Prime Ministers of 12 CIS countries (see photo) met in Moscow to discuss common ways of alleviating the difficult economic situation and joint measures to weather the financial crisis. According to Russian Premier Yevgeny Primakov, their ideas will be brought together in a separate document which will become a plan for joint management of the economic crisis.

The Russian Prime Minister also attached much importance to the issue of reforming the CIS structure. The main report on the issue was made by CIS Executive Secretary Boris Berezovsky. According to Primakov, the meeting attendees "heeded the proposed restructuring plan."

Meanwhile, many analysts point out that Berezovsky, while still in control of "traffic in Kremlin corridors," has lately been losing his influence, which is generally attributed to the appointment of Yevgeny Primakov as Russia's Prime Minister.

This can have several explanations. First, Primakov, unlike, say, Chernomyrdin or Lebed, does not owe anything to Berezovsky. Secondly, Primakov, after heading Russia's Foreign Intelligence Service for a long time, has sufficient information about and influence on one of the most professional and at the same time most closed Russian law enforcement bodies. Finally, and most importantly, Primakov does not seem to have any intentions to play secret games with Berezovsky.

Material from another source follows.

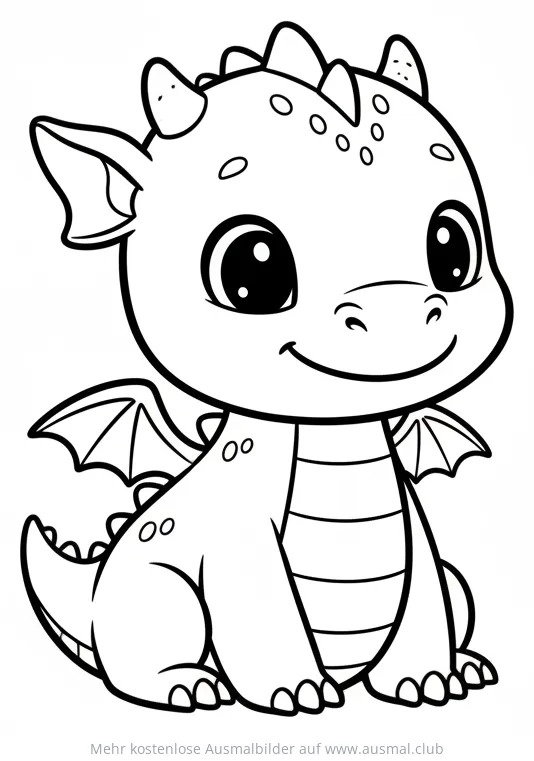 Babydrache Ausmalbild mit großen Augen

And this, obviously, is the most beneficial position for him, because nobody has yet been able to beat or use Berezovsky when playing by his rules. Witness the words of another good specialist in secret intrigues, formerly head of the Russian President's Security Service and currently Russian Duma deputy Aleksandr Korzhakov about nobody being able to outsmart Berezovsky.

Primakov is not trying to outsmart anybody (at least, this is how it looks on the surface). He emphatically treats Berezovsky as a government official, albeit a high-ranking one. And nothing more. It seems like Berezovsky has been a little baffled by such an open state position of the Russian Premier. However, Berezovsky would not be Berezovsky if, having failed to put his own man in the Premier's chair, he would not have gotten actively involved in other areas, such as, for example, CIS reform.

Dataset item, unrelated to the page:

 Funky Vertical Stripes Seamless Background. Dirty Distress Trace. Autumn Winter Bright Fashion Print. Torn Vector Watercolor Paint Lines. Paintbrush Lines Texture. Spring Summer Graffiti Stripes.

In the view of Moscow News, the reform mechanism proposed by Berezovsky envisages "sovereign states turning into shareholders of a certain political investment fund. The issue is the role that Berezovsky's model envisions for sovereign states. If their official representatives are appointed de facto exclusively after confirmation by the executive secretary, they cannot control his activity. Moreover, the CIS Head of States Council would not have to convene regularly since the executive secretary would be vested with the right to approve any decision in "a working order" by flying from capital to capital and obtaining the necessary signatures."